— Mais vous ne proposez rien, vous! dit-il, sans oser encore la tutoyer.
— Oh! tout ce qu'on voudra, répondit-elle en riant. Je ne suis pas difficile. Sortons, ne sortons pas, ça m'est égal. Je me sens très-bien, je n'en demande pas plus.
Et elle avait, en effet, la figure tout éclairée d'une joie paisible. Depuis que les invités se trouvaient là, elle parlait à chacun d'une voix un peu basse et émue, l'air raisonnable, sans se mêler aux disputes. Pendant l'orage, elle était restée les yeux fixes, regardant les éclairs, comme voyant des choses graves, très-loin, dans l'avenir, à ces lueurs brusques.
M. Madinier, pourtant, n'avait encore rien proposé. Il était appuyé contre le comptoir, les pans de son habit écartés, gardant son importance de patron. Il cracha longuement, roula ses gros yeux.
— Mon Dieu! dit-il, on pourrait aller au musée… Et il se caressa le menton, en consultant la société d'un clignement de paupières.
— Il y a des antiquités, des images, des tableaux, un tas de choses. C'est très instructif…. Peut-être bien que vous ne connaissez pas ça. Oh! c'est à voir, au moins une fois.

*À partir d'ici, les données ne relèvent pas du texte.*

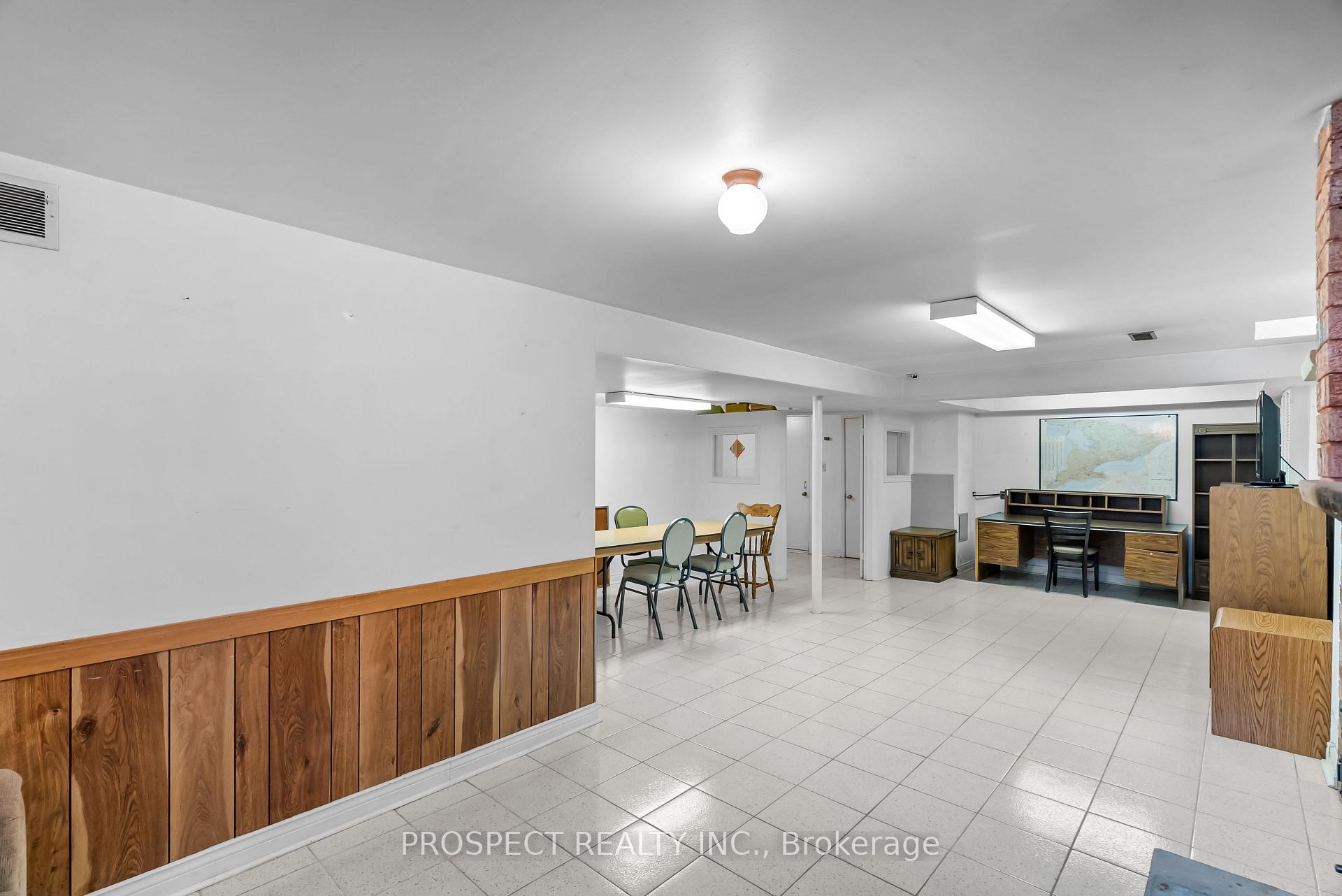 Photo 33 of 9 Wheatley Road, Vaughan, Maple — HOMEH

La noce se regardait, se tâtait. Non, Gervaise ne connaissait pas ça; madame Fauconnier non plus, ni Boche, ni les autres. Coupeau croyait bien être monté un dimanche, mais il ne se souvenait plus bien. On hésitait cependant, lorsque madame Lorilleux, sur laquelle l'importance de M. Madinier produisait une grande impression, trouva l'offre très comme il faut, très honnête. Puisqu'on sacrifiait la journée, et qu'on était habillé, autant valait-il visiter quelque chose pour son instruction. Tout le monde approuva. Alors, comme la pluie tombait encore un peu, on emprunta au marchand de vin des parapluies, de vieux parapluies, bleus, verts, marron, oubliés par les clients; et l'on partit pour le musée.

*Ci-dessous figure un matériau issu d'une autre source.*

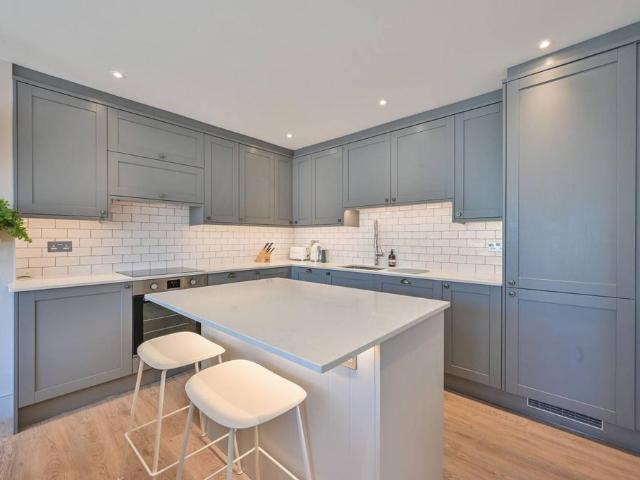 3 bedroom flat to rent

La noce tourna à droite, descendit dans Paris par le faubourg Saint-Denis. Coupeau et Gervaise marchaient de nouveau en tête, courant, devançant les autres. M. Madinier donnait maintenant le bras à madame Lorilleux, maman Coupeau étant restée chez le marchand de vin, à cause de ses jambes. Puis venaient Lorilleux et madame Lerat, Boche et madame Fauconnier, Bibi-la-Grillade et mademoiselle Remanjou, enfin le ménage Gaudron. On était douze. Ça faisait encore une jolie queue sur le trottoir.
— Oh! nous n'y sommes pour rien, je vous jure, expliquait madame Lorilleux à M. Madinier. Nous ne savons pas où il l'a prise, ou plutôt nous ne le savons que trop; mais ce n'est pas à nous de parler, n'est-ce pas? … Mon mari a dû acheter l'alliance. Ce matin, au saut du lit, il a fallu leur prêter dix francs, sans quoi rien ne se faisait plus… Une mariée qui n'amène seulement pas un parent à sa noce! Elle dit avoir à Paris une soeur charcutière. Pourquoi ne l'a-t-elle pas invitée, alors?
Elle s'interrompit, pour montrer Gervaise, que la pente du trottoir faisait fortement boiter.